Après soixante heures d'auditions, cinquante heures de discussion en commission et quatre-vingts en séance, notre assemblée s'apprête à se prononcer solennellement sur le projet de loi de bioéthique. Il ne fait pas de doute qu'elle trouvera auprès des députés la majorité requise pour l'approuver, même si nous savons que la ligne de partage n'est pas celle qui court habituellement entre la majorité et l'opposition. C'est le cas pour notre groupe comme pour d'autres. Les débats en ont été le reflet : il n'y avait pas en la matière de positions définies à l'avance, et les majorités se sont dégagées en fonction des sujets qui nous étaient soumis.
De ce projet de loi, on retiendra essentiellement sa mesure phare, celle qui élargit l'accès à l'assistance médicale à la procréation aux couples de femmes ainsi qu'aux femmes célibataires. Cette mesure, présentée dans le programme du Président de 1a République, était attendue. Le groupe du Mouvement démocrate et apparentés s'est particulièrement attaché à ce que des mesures connexes complètent le dispositif pour assurer aux couples et aux femmes qui y auront recours les meilleures conditions possible.
C'est aussi la raison pour laquelle il était important qu'un aménagement du code civil vienne prendre en compte ce nouveau mode de procréation. Alors que les auditions avaient mis en évidence l'insuffisance du dispositif initial, nous tenons à saluer l'attitude de la garde des sceaux qui, par son écoute et sa rigueur, a su trouver une solution et une issue bien plus satisfaisantes.
Le changement qui nous a été présenté à l'article 4 offre l'avantage d'établir la filiation au sein des couples homosexuels au plus près du droit commun, par le biais de la reconnaissance anticipée, sans pour autant remettre en question l'établissement de la filiation par la vraisemblance biologique, qui prévaut au sein des couples mariés hétérosexuels.
Beaucoup d'autres sujets ont été abordés : la levée de l'anonymat des tiers donneurs, l'extension des possibilités de prélèvement de cellules-souches, l'accroissement des possibilités de dons croisés d'organes, l'encadrement de la recherche sur l'embryon, celui des embryons chimériques, ou encore le cadre de la révision des lois de bioéthique, dont l'échéance sera fixée à cinq ans et non plus à sept ans, comme c'est actuellement le cas.
Sur ce dernier point, la proposition de la rapporteure Laëtitia Romeiro Dias, adoptée par notre assemblée, de créer une délégation parlementaire à la bioéthique – chargée de l'évaluation et de l'actualisation en ces matières – , nous paraît une bonne chose dans la mesure où, comme nous avons été nombreux à le rappeler, les progrès de la science vont vite : il nous faudra à l'avenir être plus réactifs si l'on veut que notre pays puisse bénéficier des avancées les plus récentes.
Par ailleurs, il est regrettable que nous n'ayons pu nous accorder pour faire progresser l'usage de dispositifs aussi importants que le diagnostic néonatal et le diagnostic préimplantatoire des aneuploïdies, évoqués par notre collègue Philippe Berta.

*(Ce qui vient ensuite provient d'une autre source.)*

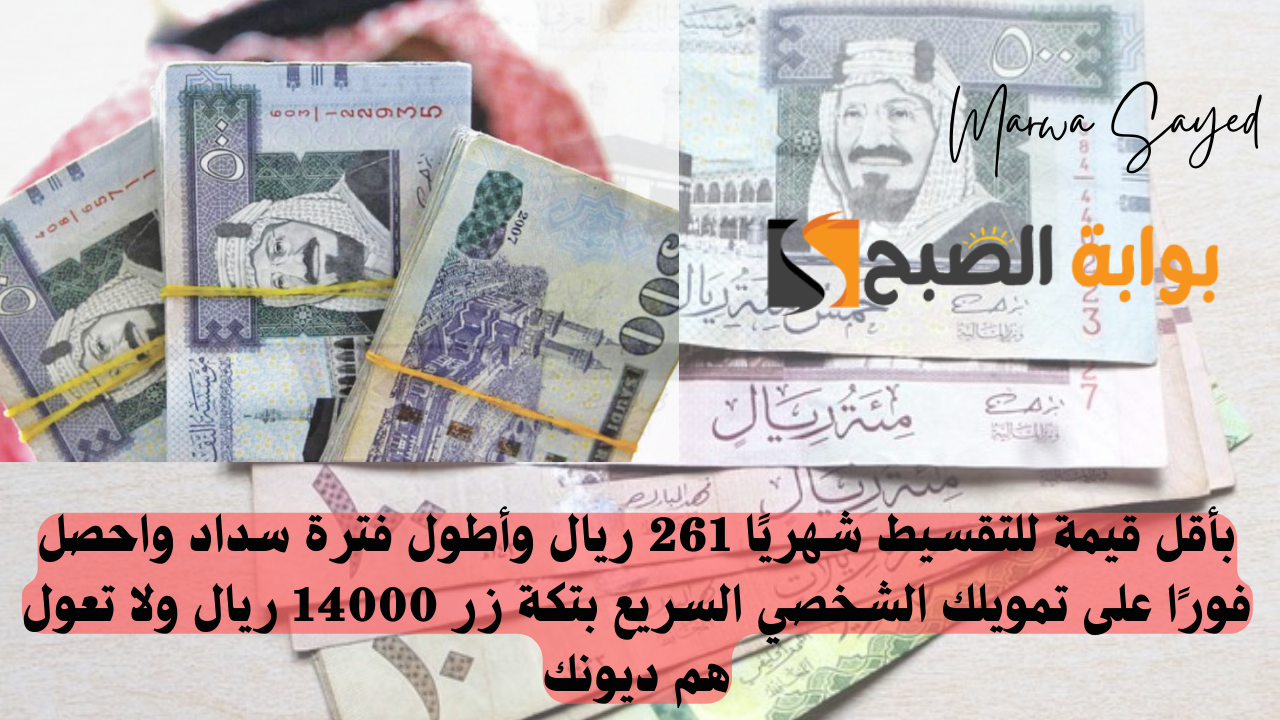 تمويل شخصي بأقل قيمة للتقسيط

Ces dispositifs constituaient autant d'occasions d'améliorer la prise en charge des maladies rares qui auraient bénéficié à notre pratique de la fécondation in vitro, dont on sait qu'elle doit être revue, tant ses résultats sont inférieurs à ce que l'on est en droit d'attendre d'un pays développé. Aussi, nous espérons que nous aurons l'occasion de reparler de ces sujets le plus rapidement possible pour ne pas handicaper durablement nos chercheurs et laboratoires, qui oeuvrent au service de nos concitoyens.
Pour finir, nous voulions souligner la bonne tenue globale de nos débats : ils ont eu lieu dans un climat serein qui a permis à chacun de s'exprimer librement, y compris au sein des groupes, où les positions, nous le savons, diffèrent parfois. C'est le sens même des lois de bioéthique que de provoquer ces débats qui engagent bien davantage que les positions traditionnelles de nos partis politiques.

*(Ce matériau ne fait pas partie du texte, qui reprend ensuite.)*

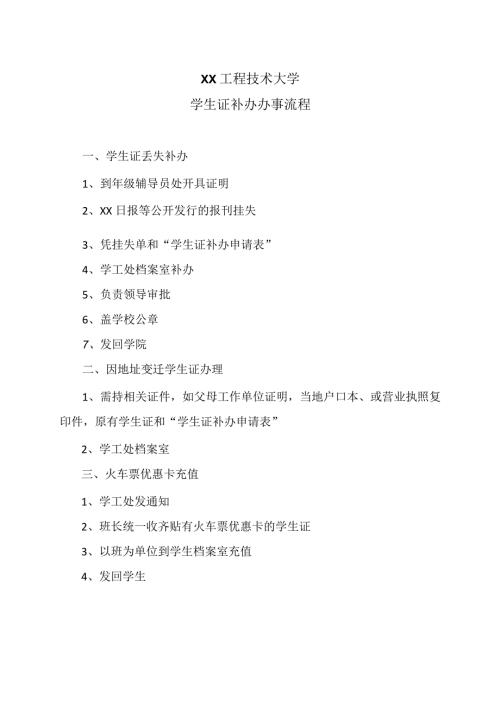 XX工程技术大学学生证补办办事流程（2023年）.docx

Pour ma part, j'ai abordé ce texte à l'aune des propos de Michel Serres : « Nous n'existons ni comme étants ni comme êtres, mais comme des modes. [… ] Possible, impossible, nécessaire et contingent montent les quatre murs de nos demeures culturelle et naturelle. »
En conséquence, malgré nos regrets et nos réserves du fait de certaines insuffisances du texte, le groupe du Mouvement démocrate et apparentés le votera en raison des avancées qu'il prévoit.